Die vier Wölfe

So hießen die vier Brüder, von denen die Sage erzählt, daß sie einst in Moosheim (Lungau) viel Unheil angerichtet haben sollen. Jeder derselben hatte seinen Spitznamen. Den einen hieß man den "Börger", weil er am liebsten in den Bergen sein Um wesen trieb und höchst selten herab ins Tal kam; den andern den "grindraudigen Thoma", weil er mit einem bösartigen Aussatze behaftet war; den dritten ob seiner schmucken und stattlichen Gestalt den "Schönmayr", den vierten endlich, der sich durch besondere Beleibtheit
auszeichnete, die "Stocknudel". Alle vier waren überaus verwegene Wildschützen und brachten den größten Teil ihres Lebens im Wildbanne zu. Um sich vor Verfolgung zu sichern, streuten sie im Volke aus, daß sie Zauberer seien und über den Teufel selbst Macht hätten. Da sie es endlich gar zu arg trieben, wurde einmal von Moosheim aus eine allgemeine Jagd nach ihnen gemacht. Der Vicedom von Moosheim stellte sich an die Spitze der großen Jagdgesellschaft. Da man wußte, daß die vier Brüder eine Salbe besäßen, die sie, wenn sie sich damit bestrichen, in Wölfe verwandelte, und davon auch häufig Gebrauch machten, so wartete man einen Zeitpunkt ab, wo dies der Fall war. Als man davon Anzeige erhielt, setzte sich der Jagdzug in Bewegung. Der Berg wurde mit Treibern umstellt und in immer engeren Kreisen gegen die Höhe getrieben, woselbst der gestrenge Herr Vicedom mit den anderen Schützen, den Hahn der Büchse gespannt, der vier Brüder harrten. Enger und enger zog sich die Kette der Treiber zusammen, näher und näher kamen die vier Wölfe dem Schußbereiche der Jäger, so daß sie sich schon verloren glaubten; da, im Momente äußerster Not, schlossen sie rasch einen Pakt mit dem Teufel, der sie flugs in vier Baumstrünke verwandelte. Kein Mensch ahnte in den vier Baumklötzen die gesuchten Brüder. Der Herr Vicedom, der die Treibjagd noch nicht so nahe wähnte, machte sich's oben - es war just Mittag - bequem, legte die Kugelbüchse beiseite, nahm eine Rolle Tabak und schnitt ihn auf jenem Baumstrunk, in welchem der "Börger" steckte. Der wollte vor Angst fast vergehen: denn, "wenn der Gnädige" - so gab er in seinem peinlichen Verhöre später an - "den Tabak mit einem Messer geschnitten hätte, auf dessen Klinge das Kreuzeszeichen eingegraben war, so konnte die teuflische Verblendung nicht bestehen." Aber es ging für diesmal gut ab, die Wölfe kamen glücklich davon und krochen später wieder in ihre Leiber.

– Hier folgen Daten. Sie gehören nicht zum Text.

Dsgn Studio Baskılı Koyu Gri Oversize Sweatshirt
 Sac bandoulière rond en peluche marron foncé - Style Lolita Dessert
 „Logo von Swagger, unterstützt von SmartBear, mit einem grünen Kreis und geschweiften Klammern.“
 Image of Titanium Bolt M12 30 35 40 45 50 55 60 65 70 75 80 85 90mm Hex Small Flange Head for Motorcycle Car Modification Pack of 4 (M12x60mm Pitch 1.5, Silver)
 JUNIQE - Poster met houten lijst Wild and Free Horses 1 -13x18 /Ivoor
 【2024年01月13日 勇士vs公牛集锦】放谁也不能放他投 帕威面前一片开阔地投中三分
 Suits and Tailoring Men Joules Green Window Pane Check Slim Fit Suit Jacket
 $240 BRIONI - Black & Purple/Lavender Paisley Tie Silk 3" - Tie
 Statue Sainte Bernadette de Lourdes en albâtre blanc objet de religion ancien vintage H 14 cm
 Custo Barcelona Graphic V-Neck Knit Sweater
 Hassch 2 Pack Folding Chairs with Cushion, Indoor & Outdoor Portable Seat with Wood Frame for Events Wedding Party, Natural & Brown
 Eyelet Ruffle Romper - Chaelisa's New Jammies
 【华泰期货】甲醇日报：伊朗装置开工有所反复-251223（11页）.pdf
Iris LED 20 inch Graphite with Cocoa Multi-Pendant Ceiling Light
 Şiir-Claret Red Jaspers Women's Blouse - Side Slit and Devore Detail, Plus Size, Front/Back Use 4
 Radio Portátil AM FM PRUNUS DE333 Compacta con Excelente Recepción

Bald darauf wurden aber alle vier an der Sandbrücke gefangen und als Zauberer ungefähr um die Mitte des vorigen Jahrhunderts auf dem Passeggen hingerichtet.

Quelle: R. von Freisauff, Salzburger Volkssagen, Bd. I, Wien/Pest/Leipzig 1880, S. 255f, zit. nach Leander Petzold, Sagen aus Salzburg, München 1993, S. 79.